KUMB: Are you one of the many hundreds of ex-pats who stay up 'til the early hours to catch the Hammers live via the internet?

NH: No mate, I watch every game LIVE on my flat screen TV. You lot in the UK get the short straw. In Singapore and Australia, we get every Premier League and cup game live, Saturday, Sunday and Monday. We can choose which one to watch, I see more West Ham games now than I did in the UK.

KUMB: What do you think of Gianfranco Zola - and how do you think the Irons will fare this season?

NH: They will stay up. By default. There are at least three other teams worse than West Ham. They won't need to go on a run of wins, they'll just have a slightly less worse run-in than other teams below them. Zola and the squad are still paying for the terrible sins of others who came before them.

KUMB: Who is your favourite player from the current squad, and why?

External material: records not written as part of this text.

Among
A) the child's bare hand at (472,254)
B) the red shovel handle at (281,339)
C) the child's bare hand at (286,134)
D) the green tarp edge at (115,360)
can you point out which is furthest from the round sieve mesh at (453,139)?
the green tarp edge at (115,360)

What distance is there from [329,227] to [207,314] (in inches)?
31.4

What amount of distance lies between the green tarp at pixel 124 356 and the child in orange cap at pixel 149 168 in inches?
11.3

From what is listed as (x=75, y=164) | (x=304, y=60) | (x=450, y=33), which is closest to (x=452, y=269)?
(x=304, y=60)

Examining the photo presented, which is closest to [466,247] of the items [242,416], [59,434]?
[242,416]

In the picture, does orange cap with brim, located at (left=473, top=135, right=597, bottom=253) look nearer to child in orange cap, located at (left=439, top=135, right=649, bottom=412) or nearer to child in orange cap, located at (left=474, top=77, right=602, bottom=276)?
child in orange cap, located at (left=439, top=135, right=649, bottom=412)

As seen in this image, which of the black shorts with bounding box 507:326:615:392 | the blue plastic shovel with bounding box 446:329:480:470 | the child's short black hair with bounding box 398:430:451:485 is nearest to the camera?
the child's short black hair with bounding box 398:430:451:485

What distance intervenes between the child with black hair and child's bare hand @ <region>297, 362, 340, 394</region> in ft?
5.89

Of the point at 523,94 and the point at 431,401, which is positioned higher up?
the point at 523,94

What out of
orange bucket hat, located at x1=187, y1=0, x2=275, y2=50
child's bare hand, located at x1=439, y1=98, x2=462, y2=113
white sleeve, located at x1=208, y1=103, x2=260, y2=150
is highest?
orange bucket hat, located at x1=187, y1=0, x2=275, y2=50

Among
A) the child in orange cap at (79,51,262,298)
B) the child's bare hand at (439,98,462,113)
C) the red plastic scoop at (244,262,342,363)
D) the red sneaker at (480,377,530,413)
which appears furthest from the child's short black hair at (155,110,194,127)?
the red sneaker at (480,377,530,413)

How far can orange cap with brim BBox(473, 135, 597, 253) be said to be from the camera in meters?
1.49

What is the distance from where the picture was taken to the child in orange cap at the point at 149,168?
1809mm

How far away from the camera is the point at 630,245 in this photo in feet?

NH: Robert Green is easily the best shot-stopper in the Premier League. It's not even debatable. I see him almost every week and his reflexes are second to none. But he is a victim of what I call the 'Underworked Italian Goalkeeper Syndrome'. I have never really rated Italian goalkeepers. Never. They are poseurs who drop too many crosses and punch those that English keepers would catch. But in the late 80s and 90s, they were supposedly the best goalkeepers in the world. Rubbish. They had the best defences in the world in front of them. They might get called upon to make one or two saves a game. Robert Green gets called upon at least five or six times a game. He'll pull off four great saves and one or two might beat him. So he's conceded two goals. Like the Italian "greats", Van Der Sar has two tame shots to save, so he holds them comfortably and he's the best keeper in the Premier League. It's nonsense.

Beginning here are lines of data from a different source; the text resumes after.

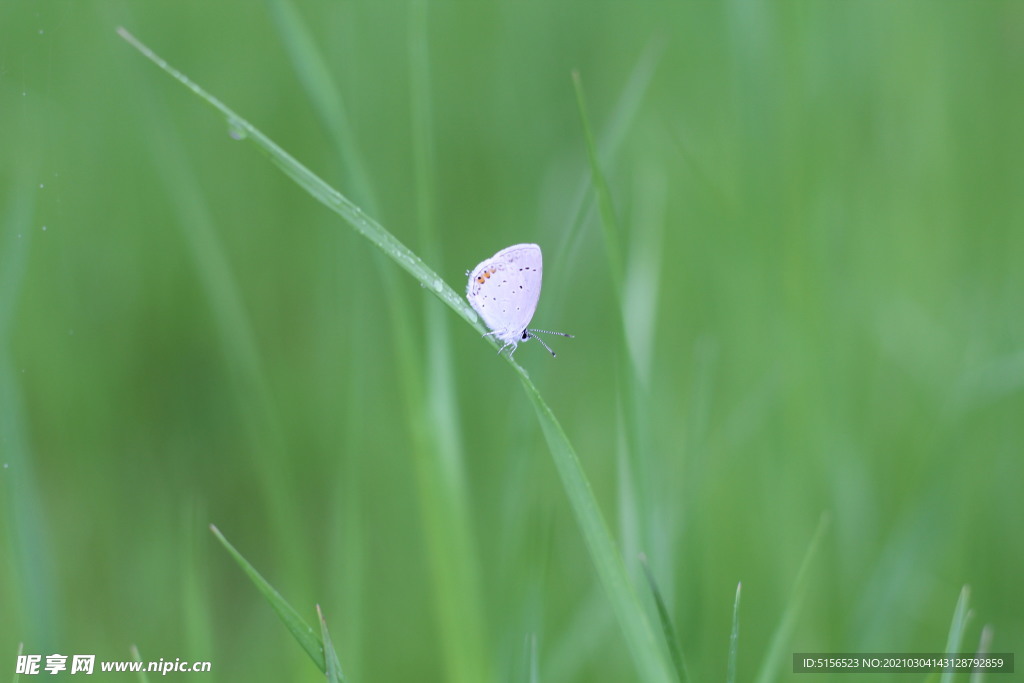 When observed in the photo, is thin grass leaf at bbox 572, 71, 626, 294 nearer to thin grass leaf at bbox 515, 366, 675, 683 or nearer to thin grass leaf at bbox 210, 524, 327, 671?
thin grass leaf at bbox 515, 366, 675, 683

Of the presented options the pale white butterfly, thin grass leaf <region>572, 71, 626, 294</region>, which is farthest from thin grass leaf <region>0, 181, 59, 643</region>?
thin grass leaf <region>572, 71, 626, 294</region>

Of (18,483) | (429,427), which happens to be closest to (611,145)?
(429,427)

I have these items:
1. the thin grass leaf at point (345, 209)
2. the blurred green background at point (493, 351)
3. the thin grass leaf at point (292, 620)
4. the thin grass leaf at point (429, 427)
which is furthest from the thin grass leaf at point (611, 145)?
the thin grass leaf at point (292, 620)

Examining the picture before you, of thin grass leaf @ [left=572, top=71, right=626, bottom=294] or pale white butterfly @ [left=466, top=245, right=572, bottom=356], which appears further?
pale white butterfly @ [left=466, top=245, right=572, bottom=356]

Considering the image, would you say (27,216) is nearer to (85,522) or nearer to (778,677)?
(85,522)

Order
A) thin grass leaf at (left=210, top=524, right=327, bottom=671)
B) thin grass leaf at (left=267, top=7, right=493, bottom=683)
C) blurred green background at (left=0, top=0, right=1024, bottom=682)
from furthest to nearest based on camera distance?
blurred green background at (left=0, top=0, right=1024, bottom=682), thin grass leaf at (left=267, top=7, right=493, bottom=683), thin grass leaf at (left=210, top=524, right=327, bottom=671)

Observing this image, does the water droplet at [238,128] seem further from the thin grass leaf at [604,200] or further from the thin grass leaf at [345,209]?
the thin grass leaf at [604,200]

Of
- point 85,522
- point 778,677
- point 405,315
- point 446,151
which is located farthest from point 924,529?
point 446,151

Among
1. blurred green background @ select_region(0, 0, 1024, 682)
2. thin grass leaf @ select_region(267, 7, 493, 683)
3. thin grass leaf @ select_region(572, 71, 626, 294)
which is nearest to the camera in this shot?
thin grass leaf @ select_region(572, 71, 626, 294) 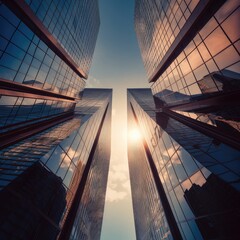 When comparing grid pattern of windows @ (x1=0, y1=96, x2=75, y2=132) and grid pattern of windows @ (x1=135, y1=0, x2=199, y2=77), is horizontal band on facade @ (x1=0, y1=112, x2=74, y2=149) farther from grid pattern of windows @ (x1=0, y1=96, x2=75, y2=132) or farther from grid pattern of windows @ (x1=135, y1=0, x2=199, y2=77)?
grid pattern of windows @ (x1=135, y1=0, x2=199, y2=77)

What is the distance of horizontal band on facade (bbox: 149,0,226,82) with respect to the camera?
1320cm

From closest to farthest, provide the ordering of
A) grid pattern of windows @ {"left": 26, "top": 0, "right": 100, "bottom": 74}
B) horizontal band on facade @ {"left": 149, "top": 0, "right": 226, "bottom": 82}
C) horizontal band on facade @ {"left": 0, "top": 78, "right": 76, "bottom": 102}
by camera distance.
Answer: horizontal band on facade @ {"left": 149, "top": 0, "right": 226, "bottom": 82}, horizontal band on facade @ {"left": 0, "top": 78, "right": 76, "bottom": 102}, grid pattern of windows @ {"left": 26, "top": 0, "right": 100, "bottom": 74}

In his prime, Ludo Miklosko was the best shot-stopper in Europe. I really mean that. I had a season ticket in 1991, when we won promotion and the man was extraordinary. He had a spring like no other big goalkeeper I've ever seen. He could pull out saves from the top corners, saving the kind of freekicks that keepers today don't even move for. What game does everybody remember about Ludo? The 1995 title-decider against Man United. Martin Tyler even mentioned it in the Man U v West Ham game this week. Why that game? Because everyone watched it worldwide. He was magnificent in that game. But ask any fan who watched West Ham regularly between 1990-1992, and they'll tell you he made saves like that almost every week. But he never got the recognition because - with all due respect to those players - he didn't had a truly world class defence in front of him. It was solid, but not impregnable; so he'd always get beaten in the end. Robert Green has the same problem. He doesn't get the credit that his shot-stopping deserves.

KUMB: How do you see England faring in this year’s World Cup finals?

NH: I'm like any other England fan. Too many years of hurt. I covered the Euro 2004 championships. I was there in Lisbon when they lost to Portugal on penalties. I vowed to never get my hopes up again. They have had the players for some time now, but they also have the manager now so ... maybe ... no, I'm not going to say it.

KUMB: Thanks for taking the time to speak to us Neil. Before we go, is there anything else you'd like to add?

NH: This has easily been my favourite interview for Match Fixer. Proper questions. In return, let me say that Match Fixer, for a limited time, is practically being given away on Amazon. Cheers KUMB!